I said, too, that the “moral case” for legislation was “overwhelming” and that we needed to act now because we had the opportunity to act, but we failed. I raised it again in 2004, when I cited the practice with regard to Irish crews who were replaced by seafarers from eastern Europe on exploitative pay and conditions. I raised it in 2005, 2006, 2007 and 2008; I raised it later in 2010 and 2012, urging the Government to implement regulations to outlaw pay discrimination against all seafarers working in UK territorial waters. It just went on: I can quote this on an annual basis.

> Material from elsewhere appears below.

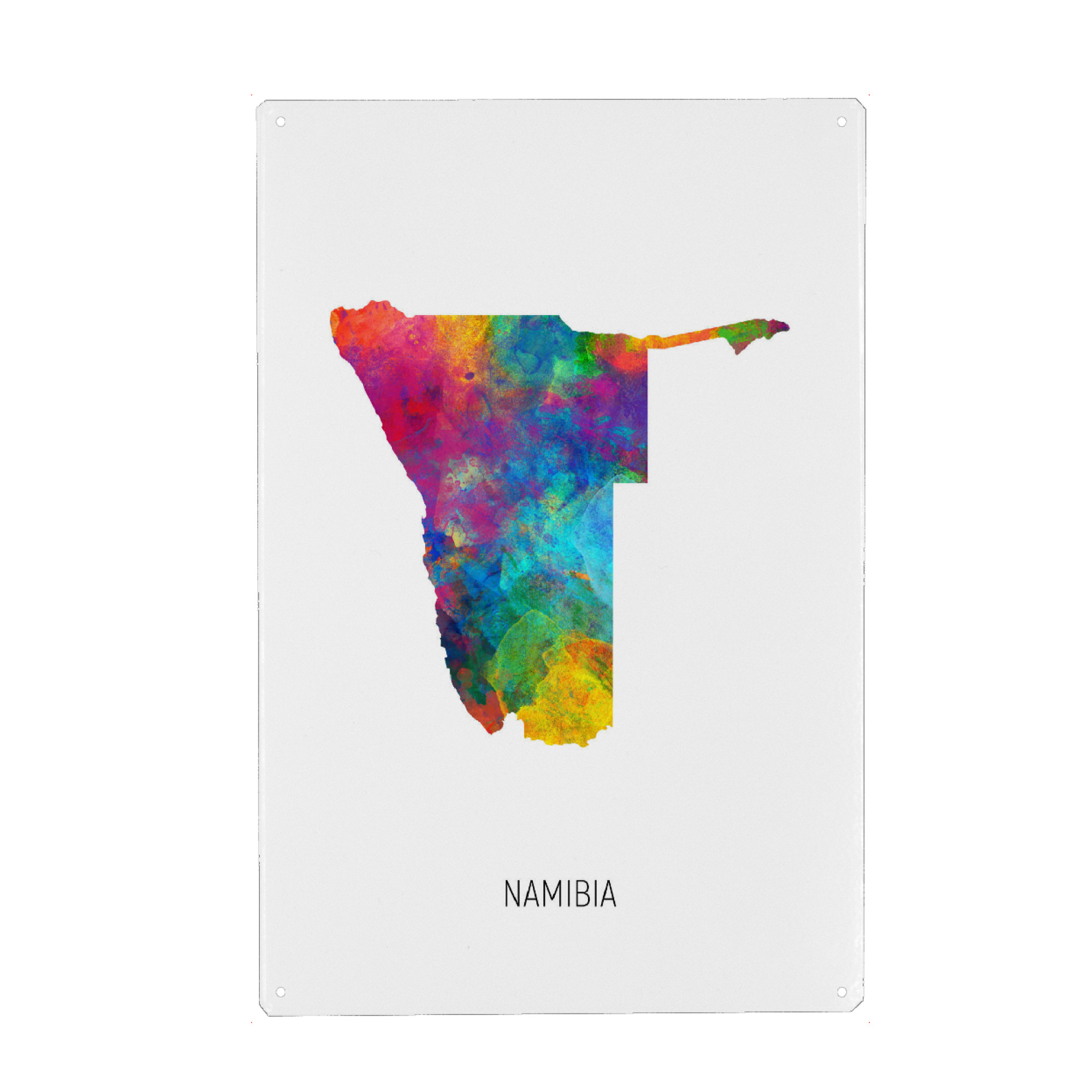 Metall Poster "Namibia Watercolor Map" artboxONE - Kartografie - Namibia,Map,Watercolor,Painting - Blechschild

As has been said, the proposed legislation has been prompted by what happened, so predictably, at P&O last year. It has been said that the litmus test of this legislation is whether it prevents another P&O. It will not. We may be able to do something on the margins of wages with regard to this, but, just as P&O has done, companies will exploit people on rosters, or the number of hours they work, or how much time they have to spend on ship; they will undermine their pensions, introduce accommodation charges, as other employers have done as well, and reduce crew numbers, which, as has been said, puts lives at risk. That is the behaviour of the worst employers in the shipping sector, and we need to legislate to tackle the worst. The only thing that will prevent another P&O is firm legislation against fire and rehire. A consultation is currently taking place, but we should bring forward measures as rapidly as possible.